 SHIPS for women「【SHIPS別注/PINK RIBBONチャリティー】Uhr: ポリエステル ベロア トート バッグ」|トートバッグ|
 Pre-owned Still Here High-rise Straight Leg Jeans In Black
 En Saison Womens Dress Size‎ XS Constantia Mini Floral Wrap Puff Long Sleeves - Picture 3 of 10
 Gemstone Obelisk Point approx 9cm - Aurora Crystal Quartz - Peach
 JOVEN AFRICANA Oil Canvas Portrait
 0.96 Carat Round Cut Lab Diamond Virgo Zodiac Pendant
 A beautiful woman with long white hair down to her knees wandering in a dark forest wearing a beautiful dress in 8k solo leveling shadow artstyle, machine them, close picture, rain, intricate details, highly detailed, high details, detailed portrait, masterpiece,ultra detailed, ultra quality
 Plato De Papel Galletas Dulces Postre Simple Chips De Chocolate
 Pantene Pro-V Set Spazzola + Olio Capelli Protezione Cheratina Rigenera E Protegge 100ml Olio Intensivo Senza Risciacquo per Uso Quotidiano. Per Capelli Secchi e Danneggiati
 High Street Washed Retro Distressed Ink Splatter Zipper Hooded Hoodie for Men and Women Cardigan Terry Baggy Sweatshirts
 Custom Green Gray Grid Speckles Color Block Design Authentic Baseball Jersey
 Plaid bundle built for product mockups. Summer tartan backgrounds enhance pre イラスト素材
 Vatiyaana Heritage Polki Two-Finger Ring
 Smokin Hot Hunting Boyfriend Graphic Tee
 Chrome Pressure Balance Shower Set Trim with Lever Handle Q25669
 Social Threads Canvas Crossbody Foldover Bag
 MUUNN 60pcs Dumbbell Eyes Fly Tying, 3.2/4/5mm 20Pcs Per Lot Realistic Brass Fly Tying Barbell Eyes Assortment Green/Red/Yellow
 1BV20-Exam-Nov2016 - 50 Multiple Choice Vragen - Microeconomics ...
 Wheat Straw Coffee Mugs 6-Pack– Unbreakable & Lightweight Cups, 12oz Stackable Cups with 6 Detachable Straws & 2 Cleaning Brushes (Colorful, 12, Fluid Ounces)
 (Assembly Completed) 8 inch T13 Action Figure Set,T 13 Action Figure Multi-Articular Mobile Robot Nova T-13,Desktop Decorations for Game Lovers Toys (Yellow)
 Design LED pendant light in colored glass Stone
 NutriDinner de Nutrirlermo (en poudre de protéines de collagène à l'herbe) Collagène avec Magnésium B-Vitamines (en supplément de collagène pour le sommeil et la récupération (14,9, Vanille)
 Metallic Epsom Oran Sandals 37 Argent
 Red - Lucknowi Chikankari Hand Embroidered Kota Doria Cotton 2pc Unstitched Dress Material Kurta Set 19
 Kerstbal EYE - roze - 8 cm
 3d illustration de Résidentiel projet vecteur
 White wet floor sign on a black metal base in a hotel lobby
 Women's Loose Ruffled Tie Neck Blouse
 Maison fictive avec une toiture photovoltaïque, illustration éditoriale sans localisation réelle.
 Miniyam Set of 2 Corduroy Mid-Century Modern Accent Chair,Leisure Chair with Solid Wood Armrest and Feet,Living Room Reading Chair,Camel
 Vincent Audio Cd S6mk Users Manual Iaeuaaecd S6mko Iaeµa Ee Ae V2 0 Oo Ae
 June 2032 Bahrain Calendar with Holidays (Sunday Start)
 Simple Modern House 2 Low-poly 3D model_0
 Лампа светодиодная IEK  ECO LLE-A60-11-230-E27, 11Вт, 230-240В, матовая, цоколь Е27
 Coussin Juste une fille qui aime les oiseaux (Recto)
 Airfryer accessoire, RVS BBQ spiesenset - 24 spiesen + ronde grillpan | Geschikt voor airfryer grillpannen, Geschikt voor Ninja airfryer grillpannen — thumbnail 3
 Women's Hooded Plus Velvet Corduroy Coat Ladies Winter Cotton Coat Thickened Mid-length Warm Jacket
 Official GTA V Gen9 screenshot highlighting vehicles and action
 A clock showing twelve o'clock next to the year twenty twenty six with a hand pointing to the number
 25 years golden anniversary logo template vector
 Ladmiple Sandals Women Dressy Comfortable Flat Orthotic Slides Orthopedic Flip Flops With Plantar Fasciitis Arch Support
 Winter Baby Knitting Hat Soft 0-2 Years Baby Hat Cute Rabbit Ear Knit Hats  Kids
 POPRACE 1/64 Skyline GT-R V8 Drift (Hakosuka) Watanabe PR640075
- - - -
- [What to do]:
Give back the full listing above, exactly as it reads.

- [Response area]:
 SHIPS for women「【SHIPS別注/PINK RIBBONチャリティー】Uhr: ポリエステル ベロア トート バッグ」|トートバッグ|
 Pre-owned Still Here High-rise Straight Leg Jeans In Black
 En Saison Womens Dress Size‎ XS Constantia Mini Floral Wrap Puff Long Sleeves - Picture 3 of 10
 Gemstone Obelisk Point approx 9cm - Aurora Crystal Quartz - Peach
 JOVEN AFRICANA Oil Canvas Portrait
 0.96 Carat Round Cut Lab Diamond Virgo Zodiac Pendant
 A beautiful woman with long white hair down to her knees wandering in a dark forest wearing a beautiful dress in 8k solo leveling shadow artstyle, machine them, close picture, rain, intricate details, highly detailed, high details, detailed portrait, masterpiece,ultra detailed, ultra quality
 Plato De Papel Galletas Dulces Postre Simple Chips De Chocolate
 Pantene Pro-V Set Spazzola + Olio Capelli Protezione Cheratina Rigenera E Protegge 100ml Olio Intensivo Senza Risciacquo per Uso Quotidiano. Per Capelli Secchi e Danneggiati
 High Street Washed Retro Distressed Ink Splatter Zipper Hooded Hoodie for Men and Women Cardigan Terry Baggy Sweatshirts
 Custom Green Gray Grid Speckles Color Block Design Authentic Baseball Jersey
 Plaid bundle built for product mockups. Summer tartan backgrounds enhance pre イラスト素材
 Vatiyaana Heritage Polki Two-Finger Ring
 Smokin Hot Hunting Boyfriend Graphic Tee
 Chrome Pressure Balance Shower Set Trim with Lever Handle Q25669
 Social Threads Canvas Crossbody Foldover Bag
 MUUNN 60pcs Dumbbell Eyes Fly Tying, 3.2/4/5mm 20Pcs Per Lot Realistic Brass Fly Tying Barbell Eyes Assortment Green/Red/Yellow
 1BV20-Exam-Nov2016 - 50 Multiple Choice Vragen - Microeconomics ...
 Wheat Straw Coffee Mugs 6-Pack– Unbreakable & Lightweight Cups, 12oz Stackable Cups with 6 Detachable Straws & 2 Cleaning Brushes (Colorful, 12, Fluid Ounces)
 (Assembly Completed) 8 inch T13 Action Figure Set,T 13 Action Figure Multi-Articular Mobile Robot Nova T-13,Desktop Decorations for Game Lovers Toys (Yellow)
 Design LED pendant light in colored glass Stone
 NutriDinner de Nutrirlermo (en poudre de protéines de collagène à l'herbe) Collagène avec Magnésium B-Vitamines (en supplément de collagène pour le sommeil et la récupération (14,9, Vanille)
 Metallic Epsom Oran Sandals 37 Argent
 Red - Lucknowi Chikankari Hand Embroidered Kota Doria Cotton 2pc Unstitched Dress Material Kurta Set 19
 Kerstbal EYE - roze - 8 cm
 3d illustration de Résidentiel projet vecteur
 White wet floor sign on a black metal base in a hotel lobby
 Women's Loose Ruffled Tie Neck Blouse
 Maison fictive avec une toiture photovoltaïque, illustration éditoriale sans localisation réelle.
 Miniyam Set of 2 Corduroy Mid-Century Modern Accent Chair,Leisure Chair with Solid Wood Armrest and Feet,Living Room Reading Chair,Camel
 Vincent Audio Cd S6mk Users Manual Iaeuaaecd S6mko Iaeµa Ee Ae V2 0 Oo Ae
 June 2032 Bahrain Calendar with Holidays (Sunday Start)
 Simple Modern House 2 Low-poly 3D model_0
 Лампа светодиодная IEK  ECO LLE-A60-11-230-E27, 11Вт, 230-240В, матовая, цоколь Е27
 Coussin Juste une fille qui aime les oiseaux (Recto)
 Airfryer accessoire, RVS BBQ spiesenset - 24 spiesen + ronde grillpan | Geschikt voor airfryer grillpannen, Geschikt voor Ninja airfryer grillpannen — thumbnail 3
 Women's Hooded Plus Velvet Corduroy Coat Ladies Winter Cotton Coat Thickened Mid-length Warm Jacket
 Official GTA V Gen9 screenshot highlighting vehicles and action
 A clock showing twelve o'clock next to the year twenty twenty six with a hand pointing to the number
 25 years golden anniversary logo template vector
 Ladmiple Sandals Women Dressy Comfortable Flat Orthotic Slides Orthopedic Flip Flops With Plantar Fasciitis Arch Support
 Winter Baby Knitting Hat Soft 0-2 Years Baby Hat Cute Rabbit Ear Knit Hats  Kids
 POPRACE 1/64 Skyline GT-R V8 Drift (Hakosuka) Watanabe PR640075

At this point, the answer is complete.